Extracted records
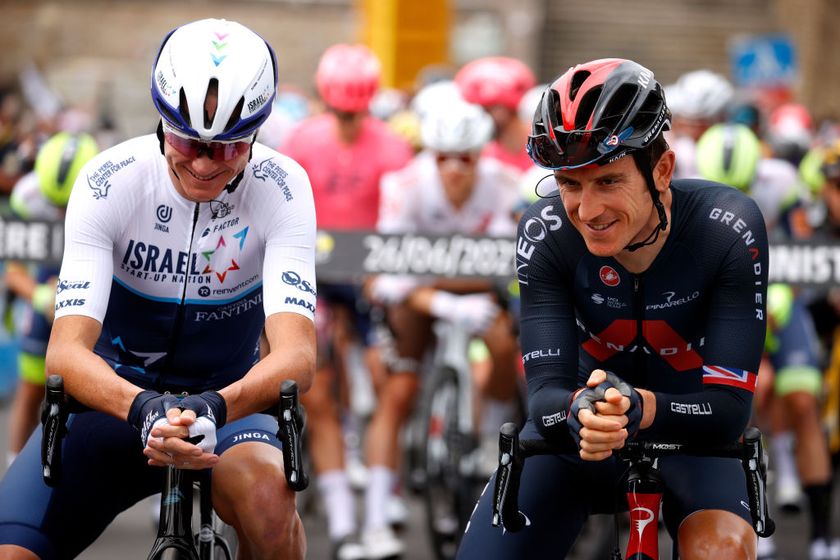 LANDERNEAU FRANCE JUNE 26 Chris Froome of The United Kingdom and Team Israel StartUp Nation Geraint Thomas of The United Kingdom and Team INEOS Grenadiers at start during the 108th Tour de France 2021 Stage 1 a 1978km stage from Brest to Landerneau Cte De La Fosse Aux Loups 176m Team Presentation LeTour TDF2021 on June 26 2021 in Landerneau France Photo by Chris GraythenGetty Images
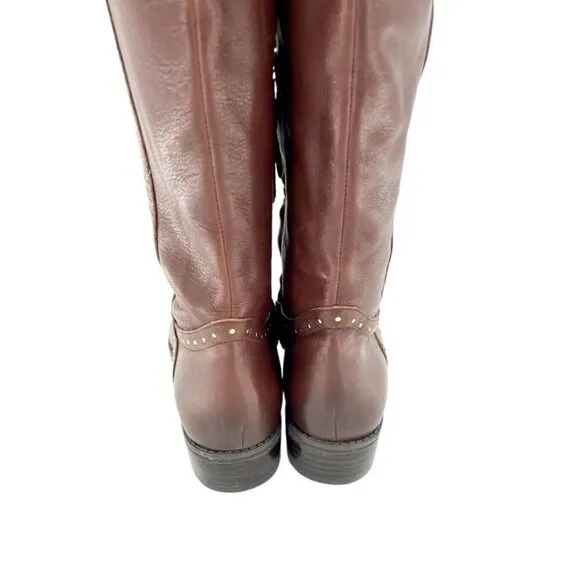Sam Edelman Boots Soft Studded Leather Tall Riding Boot Redwood Sz 7 New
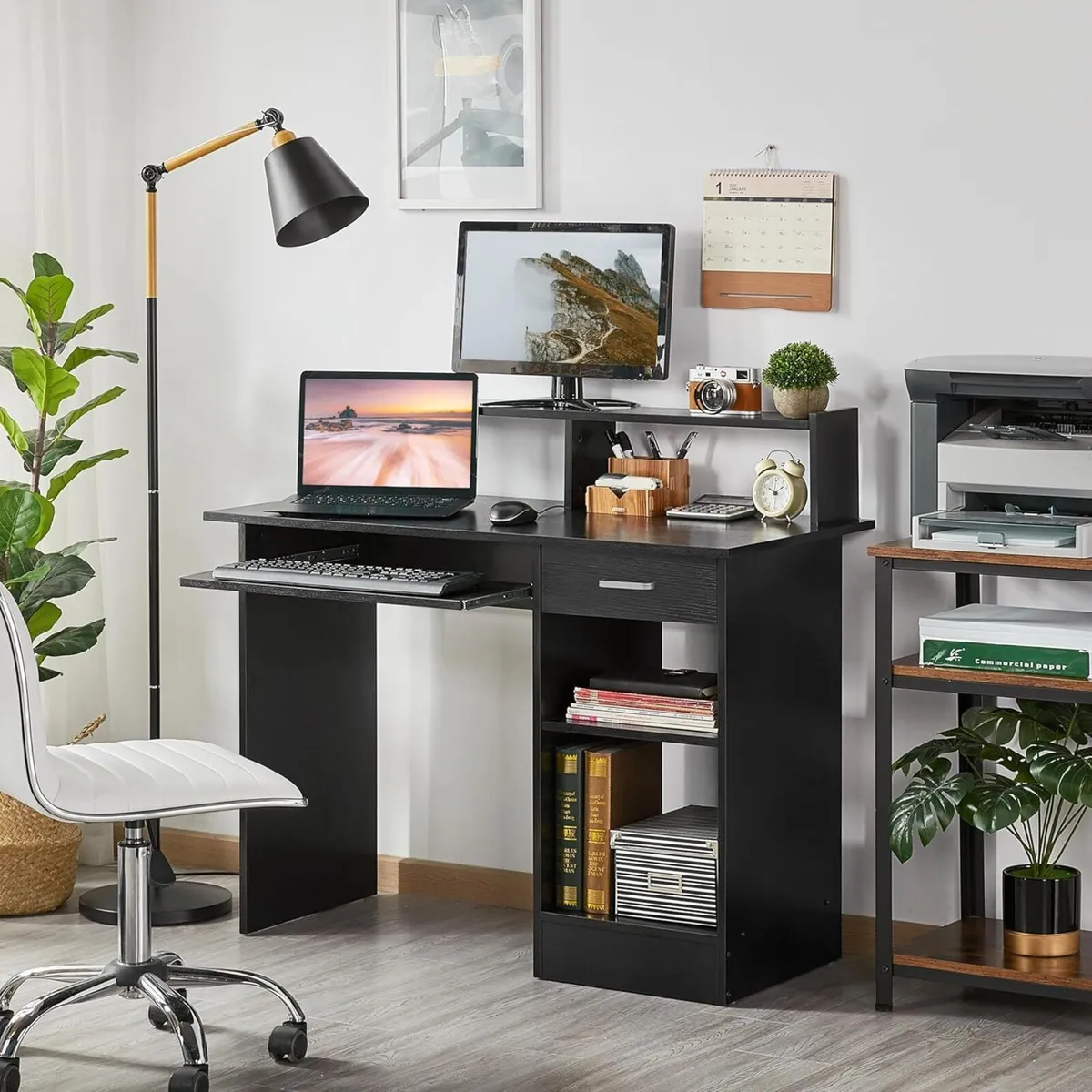 Black Computer Desk with Drawers Storage Shelf - Image 2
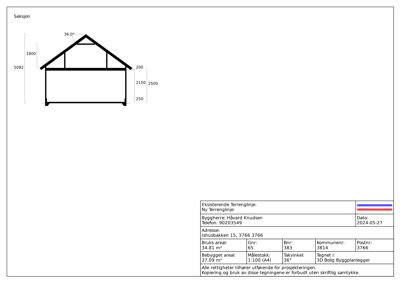 Snittegning som viser tverrsnittet av en bygning med mål på takhøyde, vegghøyder og takvinkel.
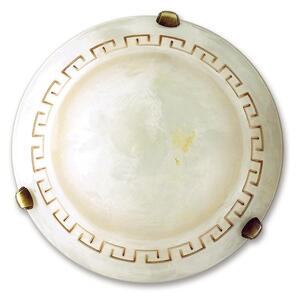 Plafoniera tonda greca vetro marmo ambra classica interni e27 - Gt Luce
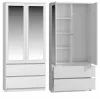 Topeshop SS-90 BIEL LUSTRO slaapkamerkledingkast/kast 5 planken 2 deur(en) wit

Task statement
Transcribe the lines that run from the line bearing "Black Computer Desk" through the last line of the data. Keep the wording exact and leave out every picture.

Response to this task
 Black Computer Desk with Drawers Storage Shelf - Image 2
 Snittegning som viser tverrsnittet av en bygning med mål på takhøyde, vegghøyder og takvinkel.
 Plafoniera tonda greca vetro marmo ambra classica interni e27 - Gt Luce
 Topeshop SS-90 BIEL LUSTRO slaapkamerkledingkast/kast 5 planken 2 deur(en) wit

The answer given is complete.